Oil prices fell in morning trading on Monday after China’s set a modest target for economic growth for this year.
Brent, the benchmark for two thirds of the world’s oil, was trading 1.58 per cent lower at $84.43 a barrel at 3pm UAE time while West Texas Intermediate, the gauge that tracks US crude, fell 1.57 per cent to $78.43 a barrel.
China, the world’s second-largest economy and top crude importer, is aiming for gross domestic product growth of 5 per cent in 2023, lower than its last year's growth estimate of 5.5 per cent, it said on Sunday.
The country’s economy grew by 3 per cent in 2022.
China’s National Development and Reform Commission said the growth target of 5 per cent was “necessary to ensure stable growth, employment and prices”, the official Xinhua news agency reported.
This year's target is consistent with the growth potential of the Chinese economy and with the capability of resources and production factors to support the economy, the commission was quoted as saying.
“It will be a positive signal to the market and will bolster confidence, guide expectations, expand employment, improve living standards and prevent and defuse risks while pursuing development.”
"The fact that the second biggest economy in the world is expected to grow only around 5 per cent has put cold water on the expectations of a strong rally taking place in the black gold," said Naeem Aslam, chief investment officer at Zaye Capital Markets.

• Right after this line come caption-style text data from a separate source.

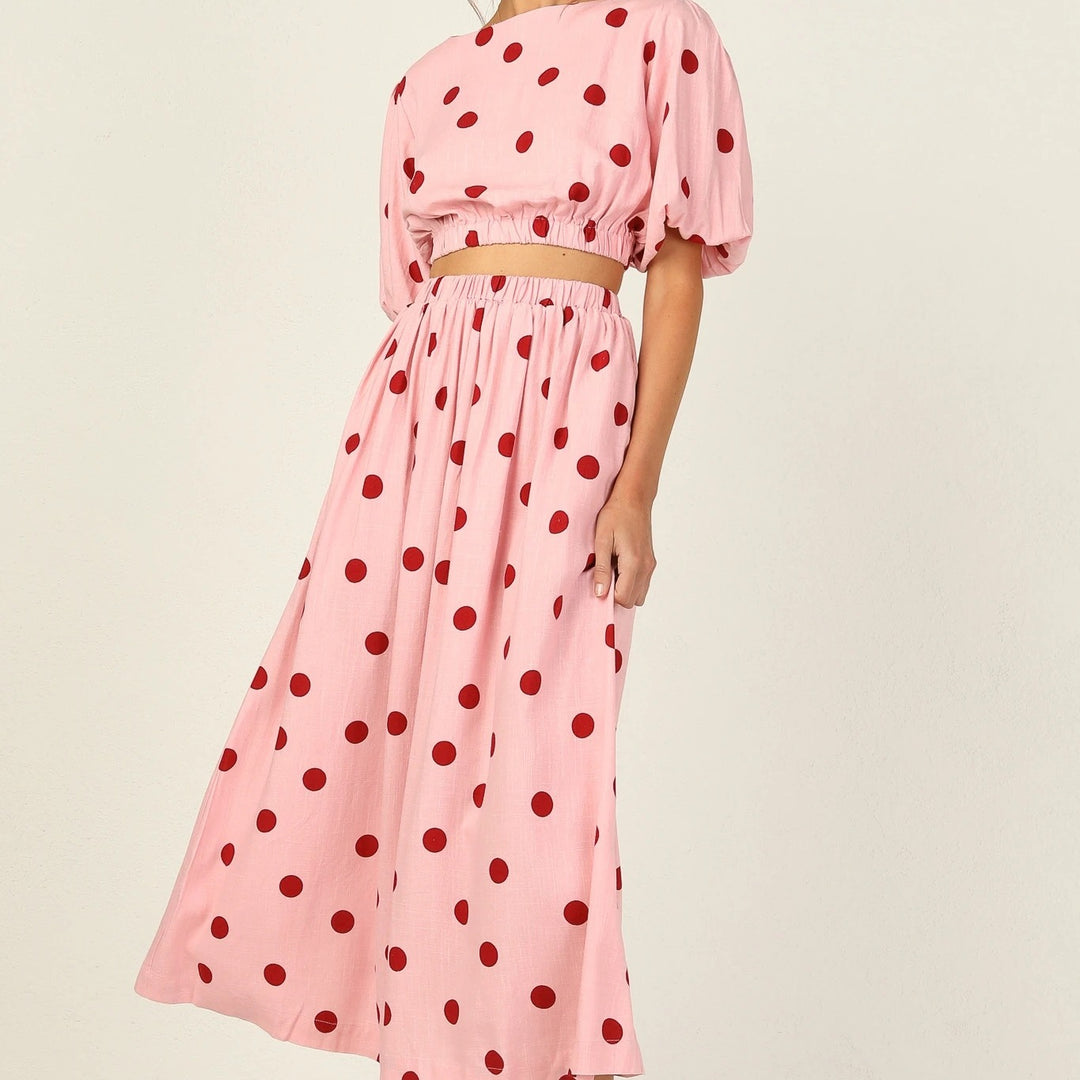Femme Polka Dot To-delt Sæt Stilla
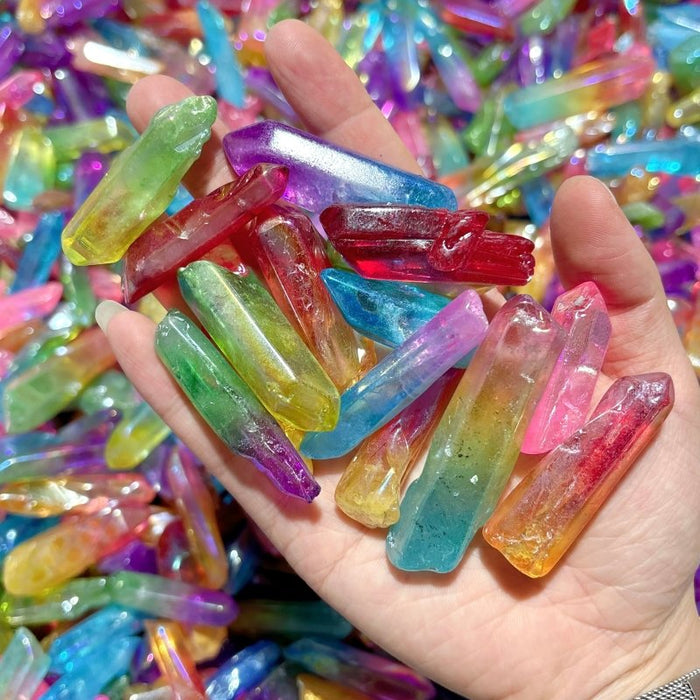 Colorful Aura Clear Quartz Points Wholesale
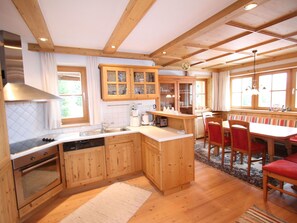 Microwave, oven, dishwasher, high chair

"Traders were thinking that the fact China has dismantled its Covid-related policies, we are going to see robust demand, but those expectations are hit today with a dose of reality."
Brent gained 3.6 per cent last week on positive economic data from the Asian country, which has been gradually reopening its economy after following a zero-Covid policy for about three years.
The International Energy Agency expects global oil demand to surge to record levels this year, driven by China’s economic recovery.
Demand is projected to rise by two million barrels per day to 101.9 million bpd in 2023, the Paris-based agency said in its February oil market report. It previously forecast a growth of 1.9 million bpd.
Mike Muller, head of Vitol Asia, said that domestic fuel demand in China was on a rebound.
“We're seeing … reduced exports of petroleum products [from China], in stark contrast to what we had in the fourth quarter when there was a policy directive for Chinese refiners to crank up their runs and maximise exports,” Mr Muller said in an interview with Gulf Intelligence on Sunday.
“Those exports … [have] dried up because domestic margins for domestic consumption [were] good and there seems to be some desire to build inventory, as opposed to putting it into the international marketplace.”